時計の針はすでに午後1時を回っていた。今日は朝7時過ぎの新幹線で上京し、今まで東京ビッグサイトで行われていた当社の展示会を見学してきたのだった。展示会を見学中も、昨日からの悩みが頭の中を巡りめき、その度に胃が痛くなったり、吐き気が襲ってきた。暫く長椅子に腰掛けては見たものの、周りを忙しく行き交うバイタリティ溢れるビジネスマンたちが遠い存在のように見えて、どうしようもない悩みを抱えた自分がますます惨めに思え、気持ちが滅入るばかりであった。そんな展示会を後に、悩みを振り払うかのようにして、ようやくたどり着いたのだが、一向に気分は晴れなかった。今日は妻が実父の看病のため実家に帰っているので、できるだけ早く帰宅した方が良いのだけれど、それにしても今からだとあまりにも早く我が家に着きすぎる。

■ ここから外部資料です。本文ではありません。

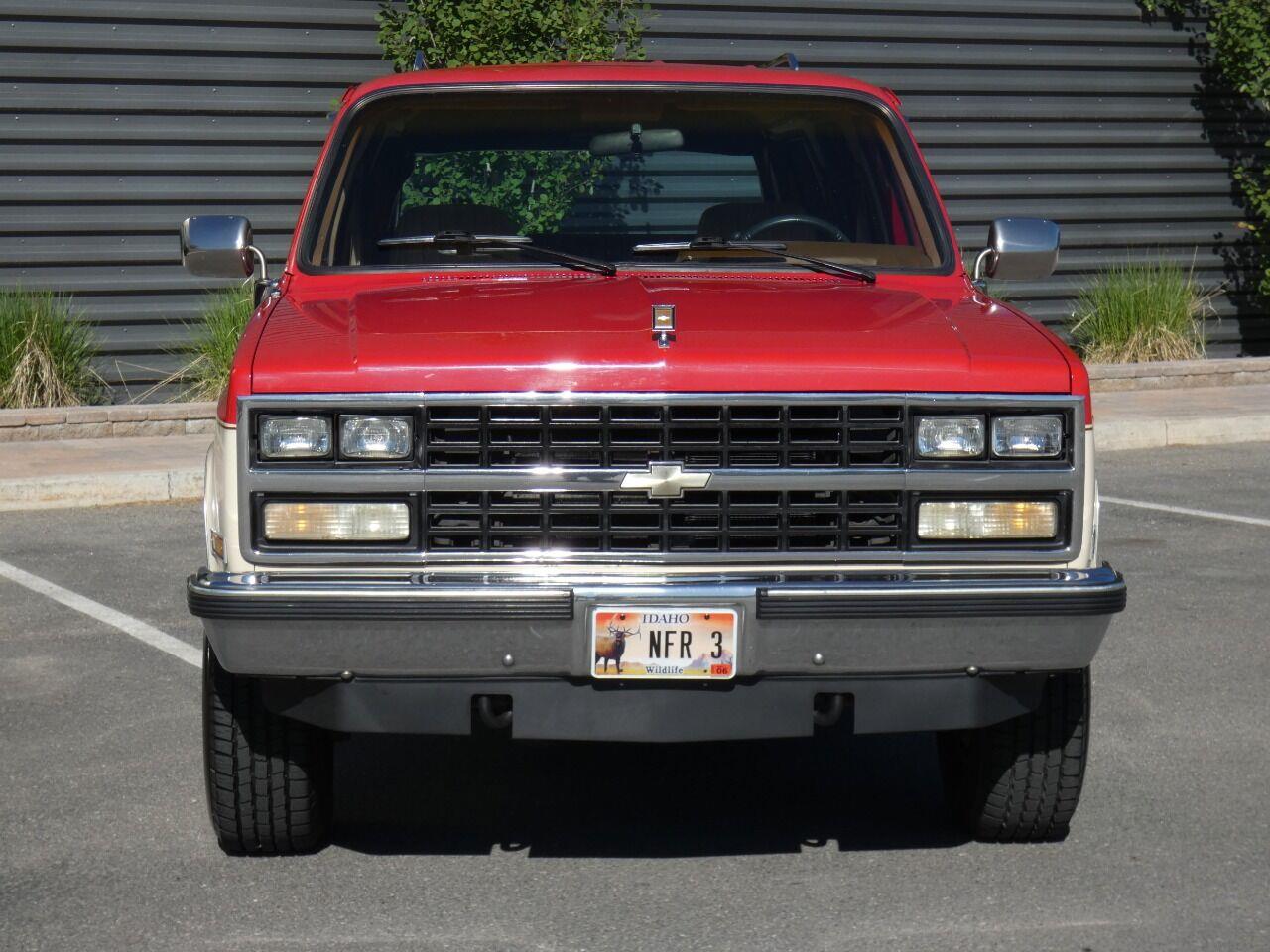 Chevrolet suburban 89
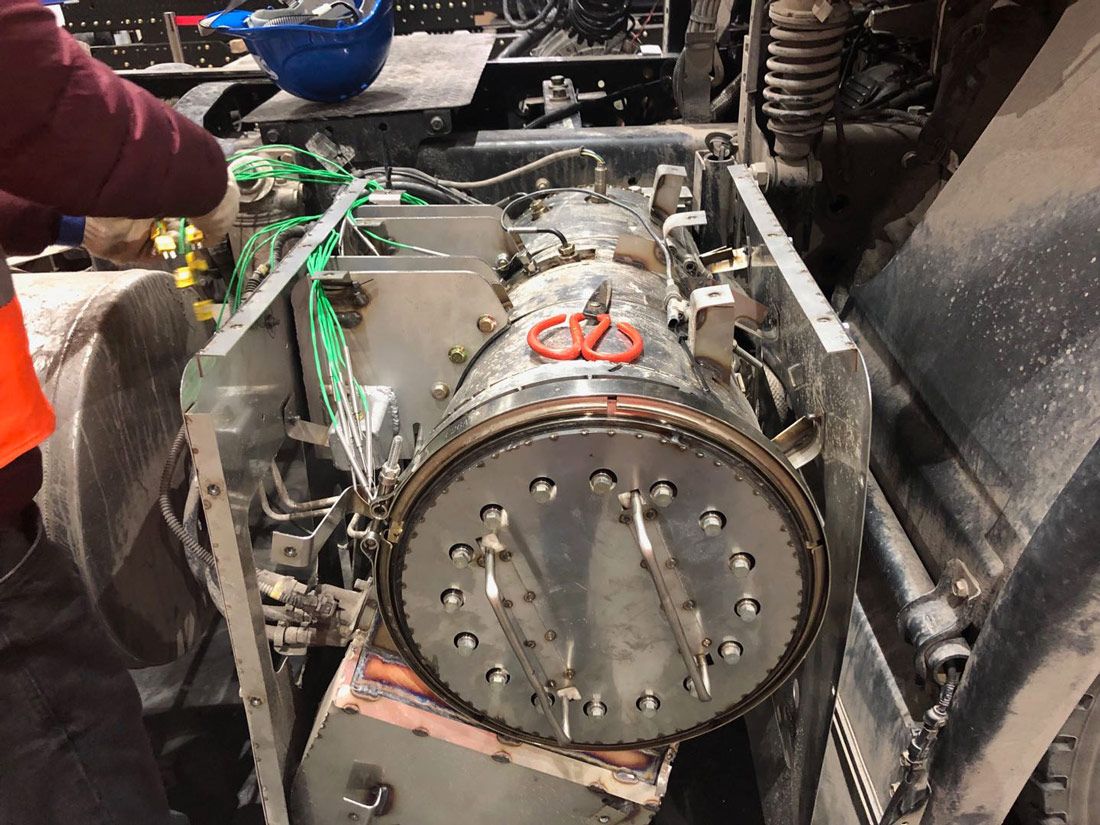 Diesel-engine testing at Shanghai Diesel Engine Co. (SDEC).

昨夜、ベッドの上で思い悩み、悶々として時の経つのを見つめていた時、頭の中を過ったのが「助けを求める」ということだった。それを思いだし、何処か、胸の中の悩みを打ち明け、救いを求められる場所はないものかと駅の行き先案内板を眺めてみた。駅名から考えて、寺院、神社もしくは教会のありそうなところは何処だろうかと...。
「高円寺、浅草、護国寺、泉岳寺...」
どうもしっくりこない。そう思って少しがっかりしていたら、ふと柱に掛かっている地図が目に入ってきた。地図に散見される緑色の部分が目指す場所を表しているのに気がついた。
「そうだ、靖国神社へ行ってみよう。毎年終戦記念日には話題にのぼる神社だけれど、きっと私を助けてくれるに違いない」
そう思うと、少しだけ力が湧いてきた。
地下鉄有楽町線から半蔵門線に乗り継いで、九段下で降りた。九段下から靖国神社までは思ったよりも遠い。9月にしてはとても暑く、上り坂を一歩ずつゆっくりと踏みしめながら上がって行く。大村益次郎の像を通り過ぎると、右手に参拝者向けの簡素な食堂があった。時刻は2時を過ぎたところ、少しでもお腹に入れないと体が持たない。食堂はガランとして誰一人いない。ここまで来て、いくらか安心したのか、何とかうどんを詰め込むことができた。

いよいよ参拝だ。一所懸命拝む。
「何事もありませんように...」
「みんなが幸せになれますように...」
帰りがけにお守りが売ってあった。
「いろいろな色がありますが、この色には何か意味があるのですか?」
「いいえ。お好みに応じて、どれでも好きなものをお選び下さい」
濃紺の小さなお守りを買った。神様に力を授かったような気持ちになり、心が和んでいくのがわかった。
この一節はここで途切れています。